The Warmth of Other Suns
by Isabel Wilkerson
From 1915 to 1970, the exodus of almost six million people who fled the South for northern and western cities in search of a better life changed the face of America. Both a riveting microcosm and a major assessment, The Warmth of Other Suns is a bold, remarkable, and riveting work. Through the breadth of its narrative, the beauty of the writing, the depth of its research, and the fullness of the people and lives portrayed herein, this book is destined to become a classic.
by Yaa Gyasi
Ghana, eighteenth century: two half-sisters are born into different villages, each unaware of the other. One will marry an Englishman and lead a life of comfort in the palatial rooms of the Cape Coast Castle. The other will be captured in a raid on her village, imprisoned in the very same castle, and sold into slavery. Homegoing follows the parallel paths of these sisters and their descendants through eight generations: from the Gold Coast to the plantations of Mississippi, from the American Civil War to Jazz Age Harlem. Yaa Gyasi’s extraordinary novel illuminates slavery’s troubled legacy both for those who were taken and those who stayed — and shows how the memory of captivity has been inscribed on the soul of our nation.
The Purpose of Power
by Alicia Garza
An essential guide to building transformative movements to address the challenges of our time, from one of the country’s leading organizers and a co-creator of Black Lives Matter; this is the story of one woman’s lessons through years of bringing people together to create change. Most of all, it is a new paradigm for change for a new generation of changemakers, from the mind and heart behind one of the most important movements of our time.
The Fire Next Time
by James Baldwin
A national bestseller when it first appeared in 1963, The Fire Next Time galvanized the nation and gave a passionate voice to the emerging civil rights movement. At once a powerful evocation of James Baldwin’s early life in Harlem and a disturbing examination of the consequences of racial injustice, the book is an intensely personal and provocative document.
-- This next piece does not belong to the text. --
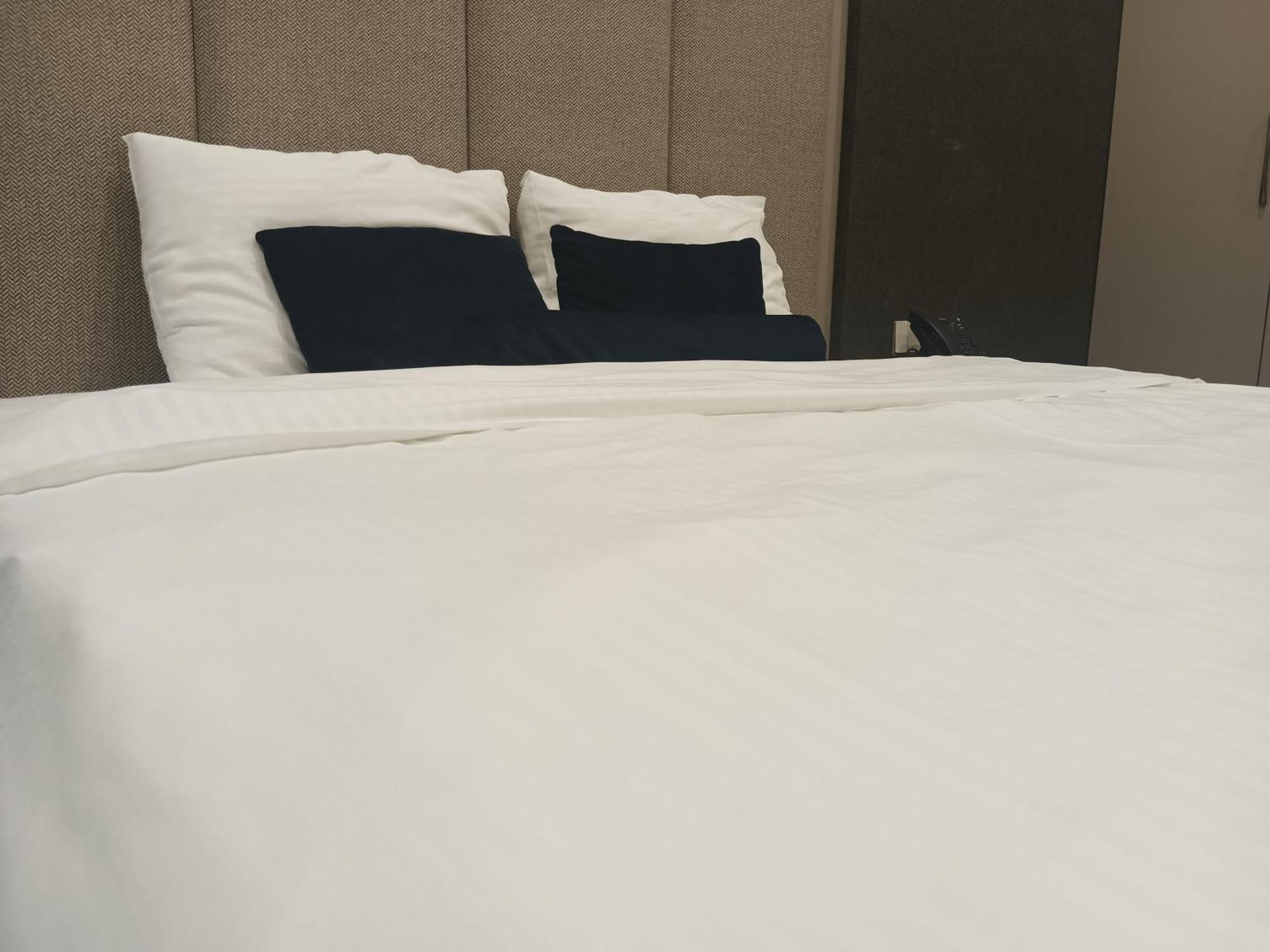 Darin Plaza Hotel アルビール エクステリア 写真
It consists of two “letters,” written on the occasion of the centennial of the Emancipation Proclamation, that exhorts Americans, both Black and white, to attack the terrible legacy of racism. Described by The New York Times Book Review as “sermon, ultimatum, confession, deposition, testament, and chronicle… all presented in searing, brilliant prose,” The Fire Next Time stands as a classic of our literature.
Outside of Juneteenth, we encourage you to continue your education on Black history and celebrate Black excellence 365 days a year. In the words of Chadwick Boseman, “understanding history is one of many ways to break the cycle. Lift up/amplify Black voices. Support Black-owned businesses. Reach back. Mentor.”